Most of these jobs didn't exist three years ago. Each one has a template.
| Skill | What it means | Artifact |
|---|---|---|
| Opportunity assessment | Decide whether AI is worth pursuing and align user, AI job, human control, evals, risk, and cost | Opportunity Brief |
| AI job definition | Specify what the AI does, its constraints, and its fallback behavior | AI PRD |
| Eval design | Define "good" before trusting model output | Eval Plan |
| Risk management | What can go wrong, how bad is it, what do we do about it | PRD risk table + Launch Gate |
| Human-in-the-loop design | Decide who validates, corrects, escalates, or blocks AI output before it matters | Review Workflow |
| Unit economics | Cost per workflow and margin impact at scale | Cost Model |
| Launch gating | Go/no-go calls using evidence | Launch Gate Checklist |
| Observability | Monitor quality, drift, and cost in production | Observability Plan |
| Post-launch review | What actually happened vs. what we expected | Observability Plan |
| Optional handoff and operations | Build handoff, meeting review, and prompt change control | Optional templates |
Twelve guides on the parts of AI product management where most teams get stuck.

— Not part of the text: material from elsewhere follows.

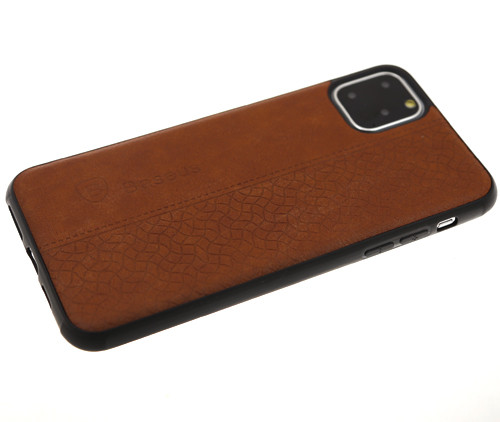 Накладка для XIAOMI Redmi 9A, Baseus, под кожу, коричневый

| Guide | What it covers |
|---|---|
| Before You Vibe Code | Eight questions to answer before turning an AI idea into a demo |
| Walkthrough | A week with the playbook: one PM, one product, five artifacts |
| Eval Design | Building evals that catch real failures, including the ones you miss in demos |
| Agentic Products | How to spec agents vs. chatbots vs. copilots |
| Operating AI Products | Human review, safety, observability, and cost discipline after the demo works |
| Launch Gates | How to say "do not launch" with evidence |
| Prompt Craft | Treating prompts as product surfaces |
| Bad to Good AI PRD | Turning a vague AI assistant brief into a buildable PRD slice |
| Error Analysis | Reading traces, labeling failures, and deciding which evals are worth automating |
| Artifact Flow Map | What artifact comes when, who owns it, and what decision it unlocks |
| Agent PM Starter Pack | Tool boundaries, autonomy, rollback, trajectory evals, cost ceilings, and handoff |
| AI-Native PM Loop | Build small PM agents, trace behavior, create evals from traces, and improve safely |
Three worked examples. Each one includes an opportunity brief, PRD, eval plan, launch gate assessment, and a scored readiness recommendation. The customer support example also includes a week-2 post-launch review to show the operating loop after pilot launch.
| Case study | Risk | Recommendation |
|---|---|---|
| Customer Support Copilot | Medium | Pilot after blockers resolved |
| Sales Call CRM Assistant | Medium | Pilot after blockers resolved |
| Healthcare Intake Assistant | High | Prototype only |
The examples are synthetic but realistic. They show how the artifacts reason through tradeoffs rather than filling in blanks.
Use these artifacts to answer common AI PM interview questions with concrete examples.
| Interview question | Where to point |
|---|---|
| How do you decide if an AI feature is worth building? | Opportunity Brief + Healthcare Intake opportunity |
| How do you define quality for LLM output? | Eval Plan + Customer Support eval |
| How do you handle hallucination risk? | AI PRD risk table + Customer Support launch gate |
| How do you decide not to launch? | Launch Gates guide + Healthcare Intake launch gate |
| How do you operate after launch? | Observability Plan + Week-2 post-launch review |
ai-pm-playbook.md # Full playbook: operating model, scoring, gates
templates/ # 7 core PM artifacts plus 3 optional templates
docs/ # 12 reference guides (including walkthrough)
examples/ # 3 scored case studies, plus one post-launch review example
schema/ # JSON schema for readiness assessments
GRIT covers the engineering side: how AI-assisted code gets specified, tested, and reviewed. This playbook covers the product side: what gets built, why, and when it is ready.